The data feed processing servers download the data from your MLS board, insert it into a database, and download the photos. They also serve those photos to the end users. These are also known as the "pic" servers. In November 2013 they served a combined 12.5 TB of MLS photos. They store about 4TB of images on disk. Some feeds let us link directly to the images hosted by the MLS, saving us bandwidth and storage. But some of the MLS boards' photo servers are slow or have occasional downtime. As we get more feeds, we keep having to buy more hard drives and more pic servers. Sometimes we have one server that is full and another with free space and we have to move a feed to a different pic server before it fills the entire hard drive.
The database servers are huge MySQL servers. We use a technology called replication to help us scale the amount of read traffic, i.e., listing searches, to the databases. There is a master server that is written to by the pic servers. It then copies the data out to slave servers. As we add more websites we need more slave servers to keep up with all the searches coming from all the websites. Replication is good for scaling up reads, but not writes. As we add more feeds there starts to be a bottleneck between the master and slave servers. Some have noticed our issues with "replication delay" where a slave falls behind the master server and takes some time to catch up. Because MLS data queries from your site will hit a random database server (to balance the load) you may get more or less old data each time you refresh the webpage. The fixes for chronic replication delay are a) faster hardware (solid state drive) or b) split the database cluster into two clusters.

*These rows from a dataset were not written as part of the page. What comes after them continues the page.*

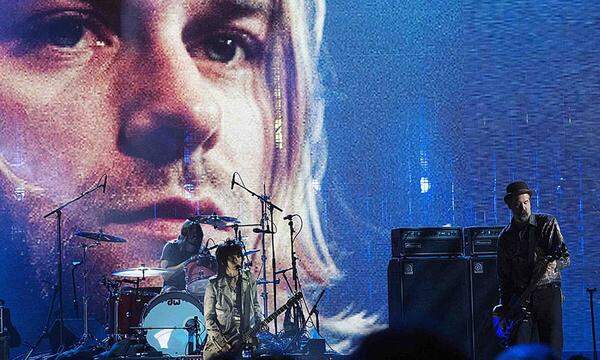 2014 wurde Nirvana in die "Rock and Roll Hall of Fame" aufgenommen. Bei der Gala umarmten sich Cobains Witwe und die früheren Bandmitglieder herzlich - ein Novum nach jahrelangem bitteren Streit. Auf der Bühne sang Joan Jett mit den Nirvana-Mitgliedern Dave Grohl und Krist Novoselic.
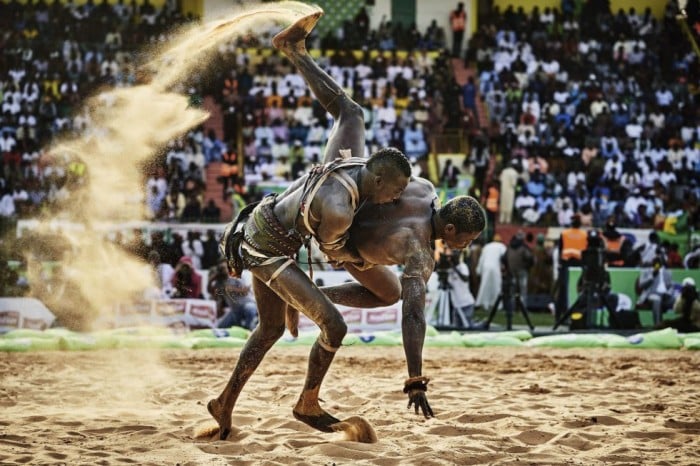Una de las imágenes del fotógrafo Christian Bobst que han sido galardonadas con el segundo premio Stories (Historias), en la categoría de deportes. Muestra un combate de lucha libre en Dakar, Senegal, el 5 de abril de 2015. CHRISTIAN BOBST (EFE)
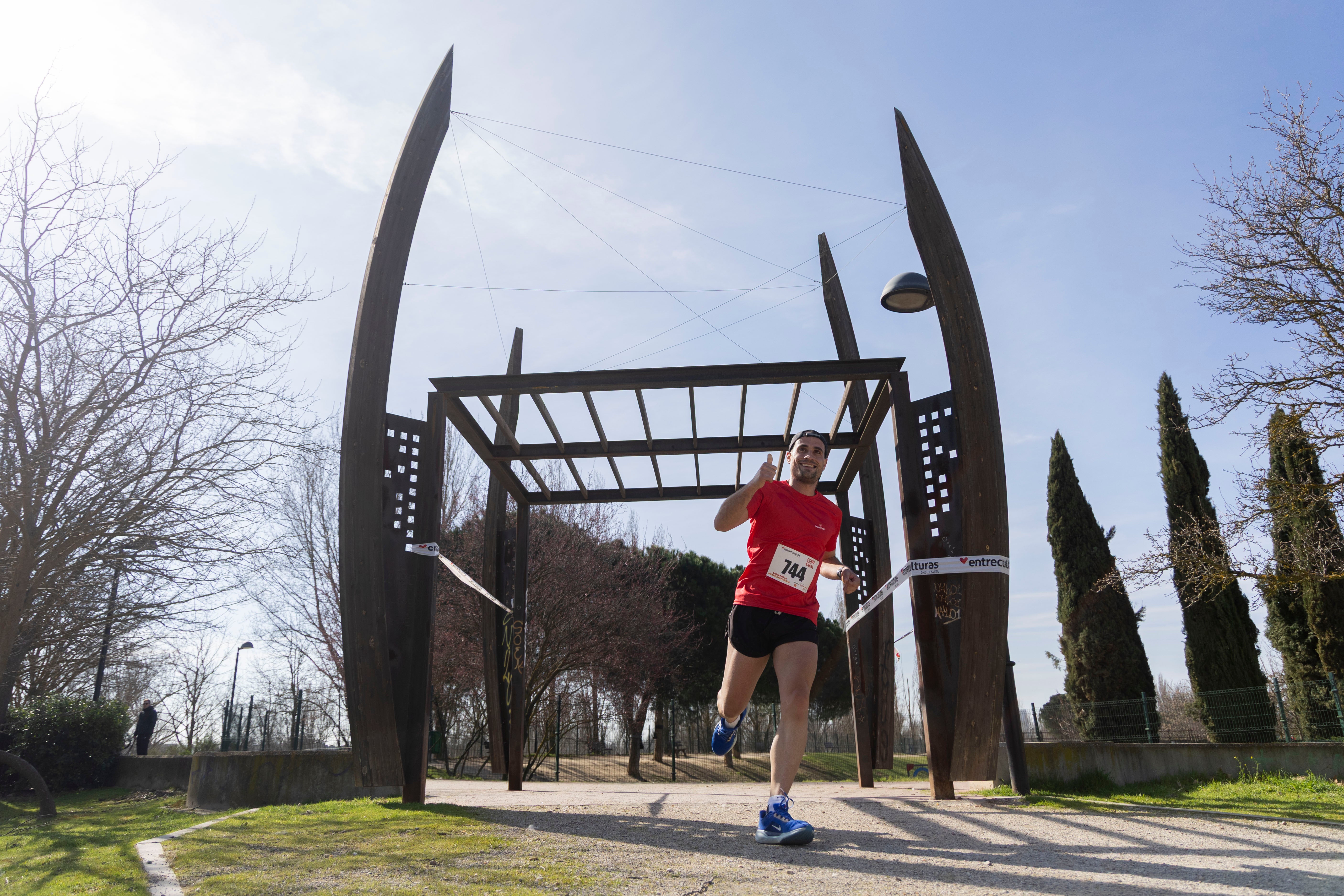 Las imágenes de la carrera entreculturas celebrada en Arroyo de la Encomienda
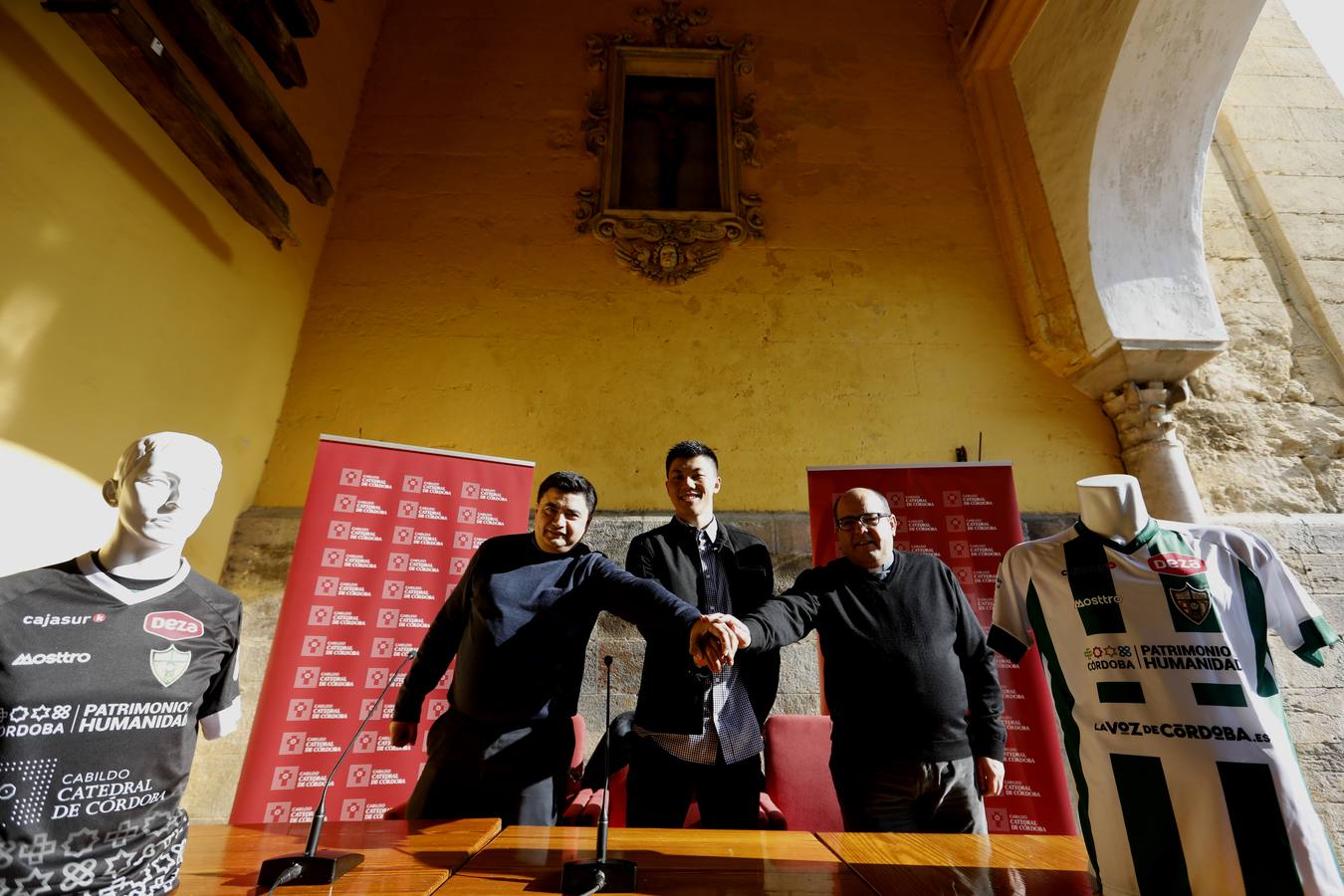 La presentación del japonés Shimizu del Córdoba Patrimonio, en imágenes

Also, because we have all the data feeds on one set of servers, an issue with one feed can quickly affect all customers as the whole server suffers.
The web servers host all the client websites. We have separate servers for different major versions of our codebase, and for premium vs standard hosting. Whenever one of our web boxes gets full we have to order a new one. This takes a few weeks to get the order processed and the hardware set up and configured.
What is "the cloud"?
Primarily, it's a buzzword. In most marketing materials you can simply replace "the cloud" with "someone else's hardware". But the power of cloud based things is they are designed from the ground up to be easy to scale. Cloud storage has no limits - you can just keep sticking files up there and you just get charged for what you use. Cloud computing is just running virtual machines on someone else's hardware. But you can spin up a new virtual machine (or instance) in 30 seconds. Instead of having to order new hardware and wait for it to show up and plug it in.
OpenStack is software that was developed by Rackspace and NASA, but now many large companies are on board and devoting resources to it. OpenStack is the code that creates and manages the virtual machines. Rackspace uses OpenStack to run their public cloud that competes with Amazon's cloud. By being open, it means we can run the same software for free. Any tools we make to interact with OpenStack will work on our cloud, their cloud, or some 3rd party's cloud (HP is also using OpenStack for their cloud).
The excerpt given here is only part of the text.